Tenía bastante claro que el encierro del día 7 no lo iba a correr. El día 6 sería largo y no tenía intención de irse a casa para estar fresco. Su idea era correr el día 8. De empalmada por supuesto. Llegaría un momento de la noche en el que apartaría el alcohol, se bebería un par de cocacolas y se iría a por la prensa. Pero llegado ese momento lo que se le cruzó aquella noche fue una morena. Mario sabía que habría más encierros pero no tenía tan claro que fuera a tener más oportunidades de ligar durante los sanfermines. Anduvo fino Mario. Gracioso y cariñoso. Divertido y vacilón. Pero a Mario se le escapaban vivicas. Le faltaba lanzarse. Y la noche de aquel 7 de Julio se quedó sin encierro y sin chica.
Sería el 9. Ya no podía esperar más y no iba a dejar que nada ni nadie se cruzara en su camino. En los toros y la cena lo dio todo. Pero durante la madrugada echó el freno. Estaba nervioso. Los katxis de kalimotxo pasaban por sus manos pero solo les daba pequeños sorbos. Después de dos refrescos, a las 6:30 Mario se despedía de los amigos como si fuera su último adiós mientras ellos pasaban bastante de él y aprovechaban para recordarle su bajonazo del día anterior.
Se fue tranquilamente al puesto que había en la Plaza de los ajos y compró el periódico. Poco a poco. Despacio y haciendo tiempo cruzaba la calle Mayor hacia la Plaza Consistorial. Una vez allí intentó ubicarse. Dio varias vueltas pero no encontraba su lugar. Se giró hacia Santo Domingo y se incorporó a la hilera de corredores apoyados en la pared del Ayuntamiento. Se sentó y empezó a leer la prensa. Cada dos minutos miraba el reloj del que estaba a su lado pero el tiempo no pasaba. Escuchaba las conversaciones. Veía a la gente bajar hacia la hornacina. Saludo a un par de conocidos y se tranquilizó. Luego Mario vio a su primo. Después a David. Se levantó y empezó a hablar con él. David era compañero del colegio y había debutado el día 7. Empezaron a estirar. El corazón le iba a mil. Se despidieron y se desearon suerte. Mario se apoyó en Unzu y esperó allí el cohete. En esos tres minutos que pasaron hasta las ocho empezó a ver a conocidos pasar delante de él deseándole suerte. Todos parecían tranquilos. Él estaba acojonado. Sonó el cohete y Mario echó a andar. Enfiló Estafeta y empezó a trotar mientras saltaba esperando ver a los toros coger la curva.
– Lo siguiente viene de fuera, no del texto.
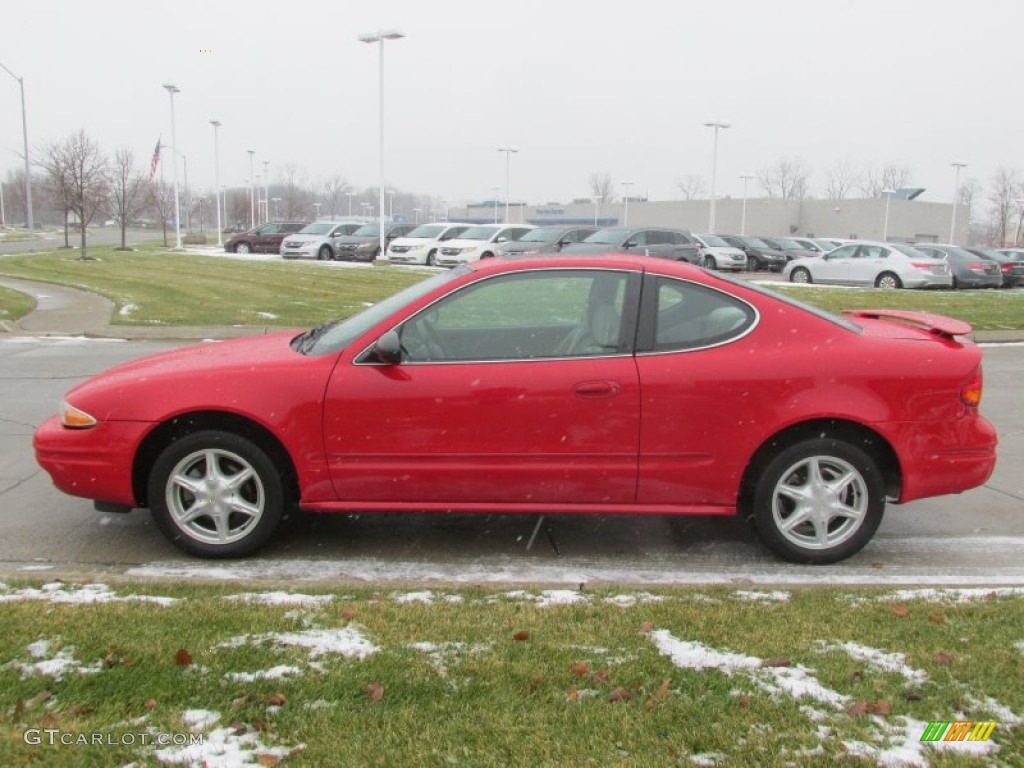 2003 Alero GL Coupe - Bright Red / Pewter photo #6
La gente aceleraba a su lado y él aceleraba con ellos . Pero no veía a los toros ni los oía. Estaba bastante perdido. Se apartó y se subió a la acera. Se quedó allí esperando a que llegaran entre empujones y golpes. Vio pasar a David. Poco después los toros. No esperaba esa velocidad, ni esa violencia, ni ese tamaño. Se volvió a casa con un sabor agridulce. De un lado la ilusión de verse metido en el recorrido. De ver pasar a los toros. De saber que iba a correr muchos más encierros. Del otro lado darse cuenta de que lo que tantas veces había visto en la tele era otro mundo. Que esas carreras que había imaginado igual nunca se producirían.
Tras ese encierro vinieron muchos más. Algunos mejores y otros peores. Mañanas gloriosas para Mario. Con caídas y sustos. Con carreras que aún recuerda. Cada vez que entraba en el recorrido sentía algo especial. Una sensación que varios años después de dejar de correr todavía echa de menos.
Buen apunte, eso de que nada tiene que ver la plasticidad televisiva del encierro con la increíble violencia que lleva en vivo.
» Pero a Mario se le escapaban vivicas «. Entiendo que él se quedaba coleando……………..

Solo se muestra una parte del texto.